In cambiamento è anche il paesaggio urbano. Nella nuova Panama i turisti si mescolano a residenti e nuovi immigrati in cerca di grandi fortune con piccoli capitali. Il cuore della capitale non è tanto il lungomare come avviene ai Caraibi o nel sud della Francia. La forza di Ciudad de Panama è soprattutto finanziaria e privata, preferisce i pannelli tirati a lucido dei grattacieli alle aiuole pubbliche, alimentando da decenni una versione sui generis dell’oleografia Miami Style.
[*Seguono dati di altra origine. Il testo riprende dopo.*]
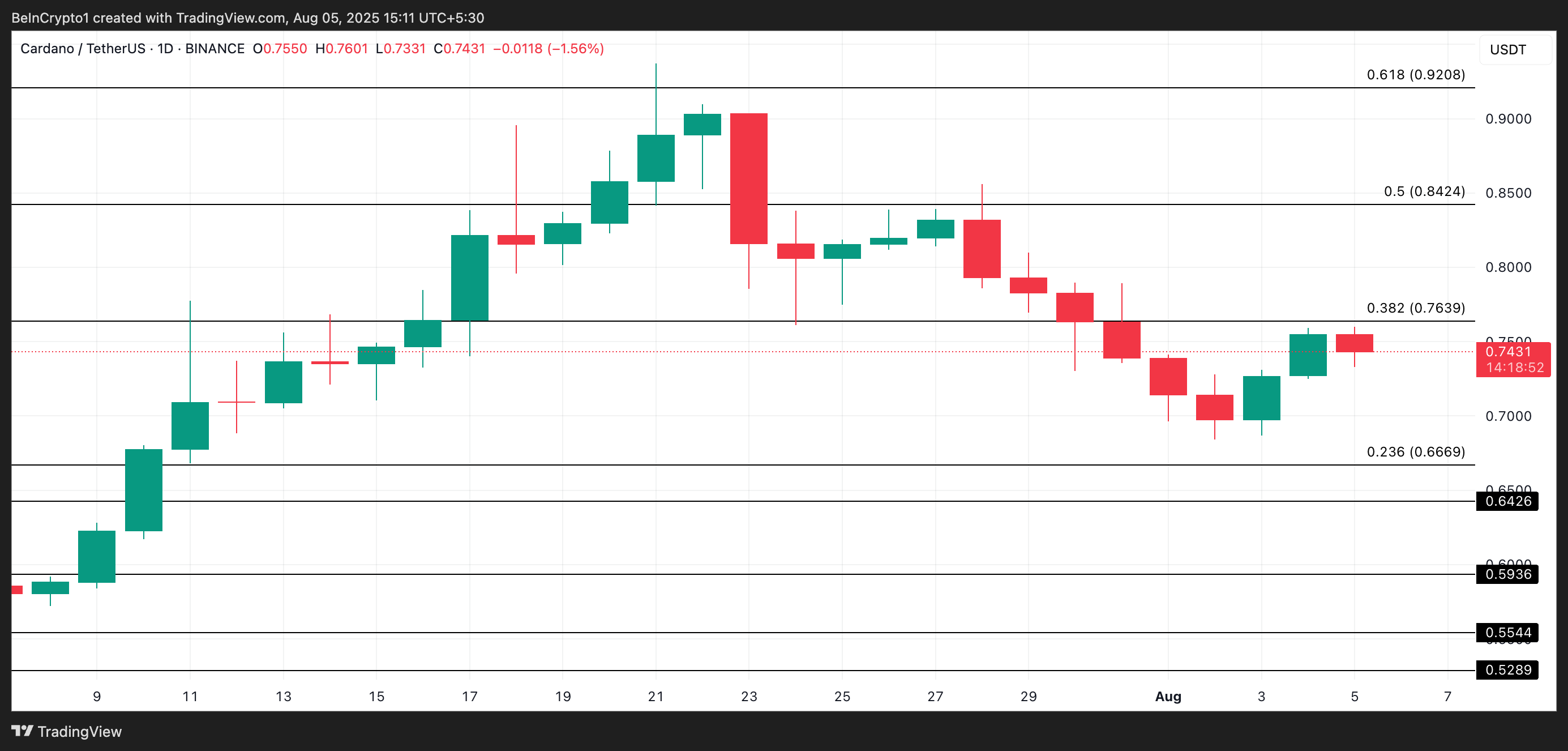 What Crypto Whales are Selling Before Trump’s Global Tariffs on August 7 image 5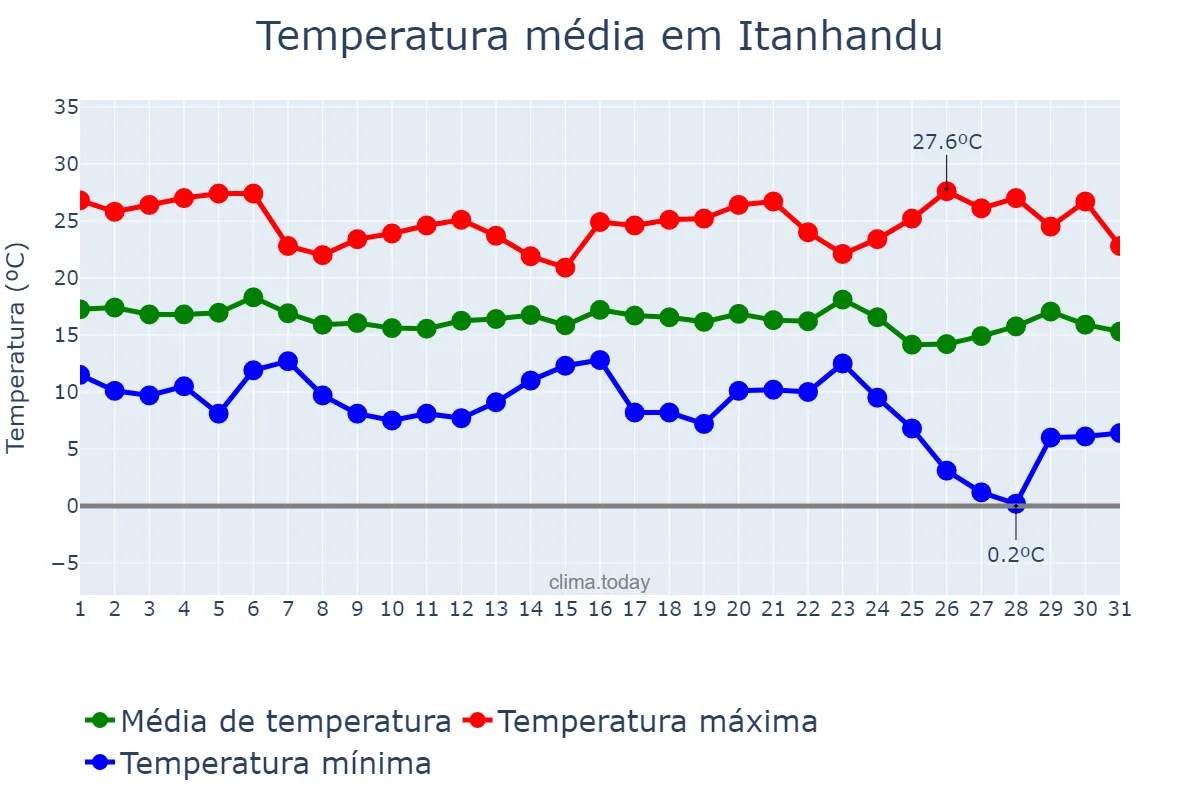 Temperatura em maio em Itanhandu, MG, BR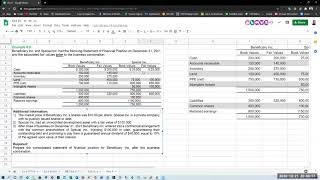 Business Combination Variable Interest Entity Example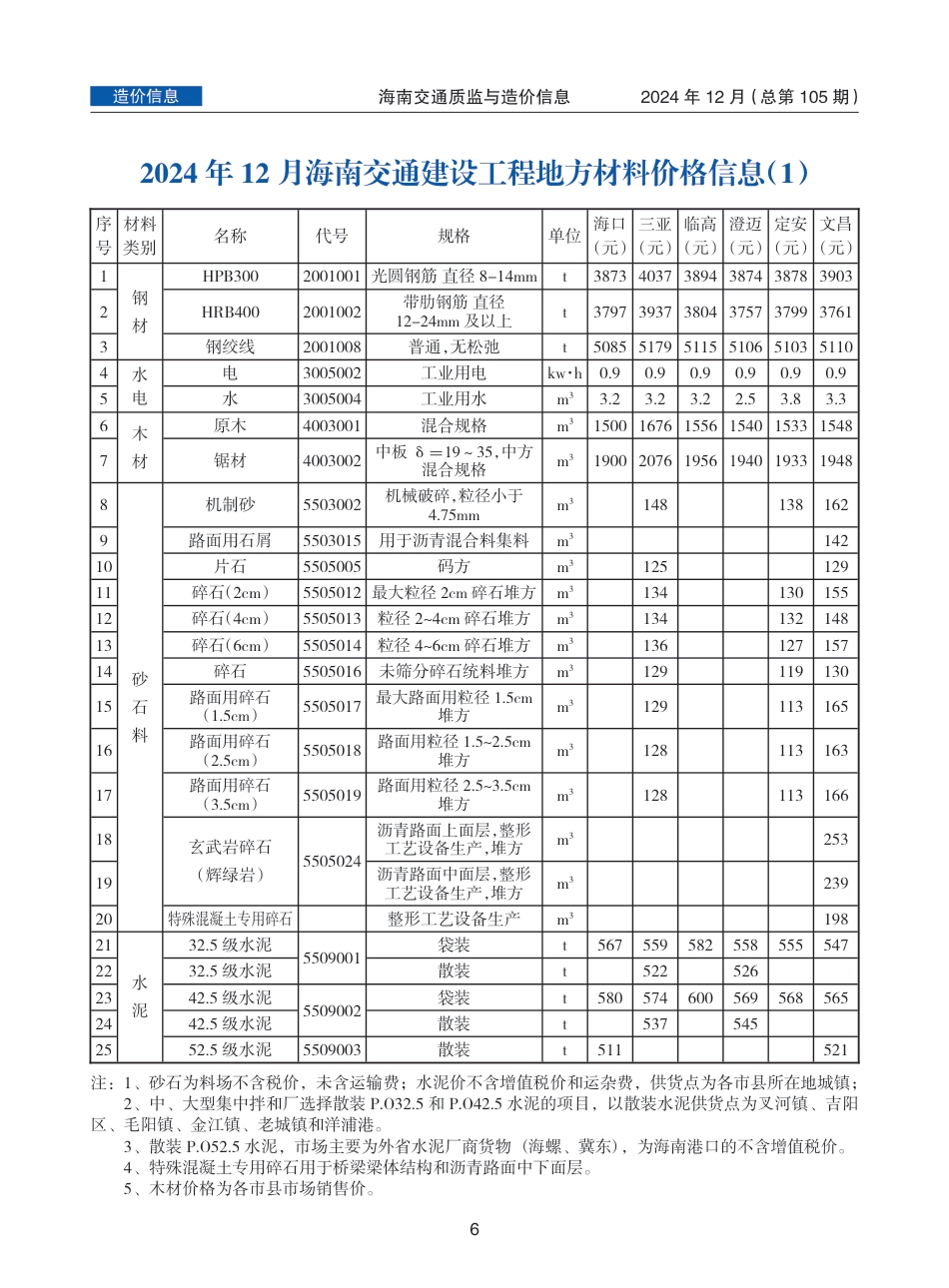 海南交通质监与造价信息（2024年12月，总第105期）.pdf_第2页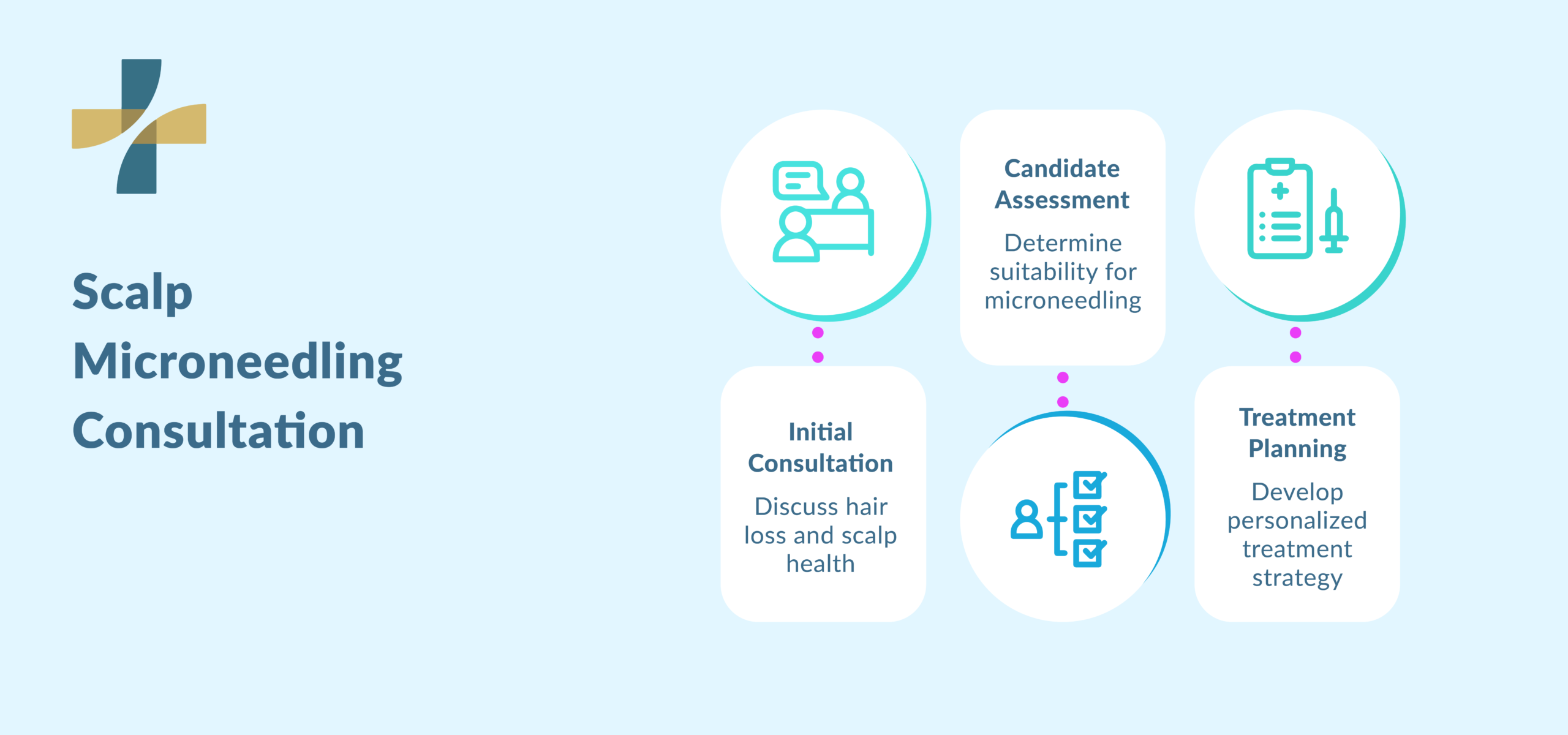 Scalp microneedling Vancouver consultation process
Negli ultimi due anni l’amministrazione cittadina ed il governo centrale hanno investito molto nel rifare il look alla capitale, con interventi urbanistici di forte impatto. Anche lungo la costa. Questo è il paradiso dei fanatici dello sport all’aria aperta, scomposti nella corsa e grati per i nuovi circenses a portata di mano, gli schiamazzi delle scolaresche, le coppie e famiglie a passeggio. Ma quando il sole lascia spazio al crepuscolo e poi alle luci col buio è lo skyline sullo sfondo ad animarsi. Punta Paitilla, Bella Vista e gli altri barrios del centro iniziano ad accendersi, qualcosa però manca: alla quinta di praterie verticali in vetro e acciaio, splendenti di giorno, non corrisponde una versione notturna al neon, open space illuminati, il pulsare di fari alogeni in ogni edificio. Molti edifici si stagliano spenti, totem emblematici di investimenti immobiliari certi di rendite future ma non sempre immediate. Il mercato real estate, uno dei cardini dell’economia del Paese, è vivace ma cauto, cullato dall’inerzia che ancora garantisce guadagni. Si espande lungo il “Corredor Sud”, tra la città e l’aeroporto internazionale per mano dei nuovi investitori - in buona parte venezuelani (molti di origine italiana) e spagnoli - che hanno più fretta di lasciare il proprio paese e investire sul mattone dell’istmo che di guadagnare immediatamente.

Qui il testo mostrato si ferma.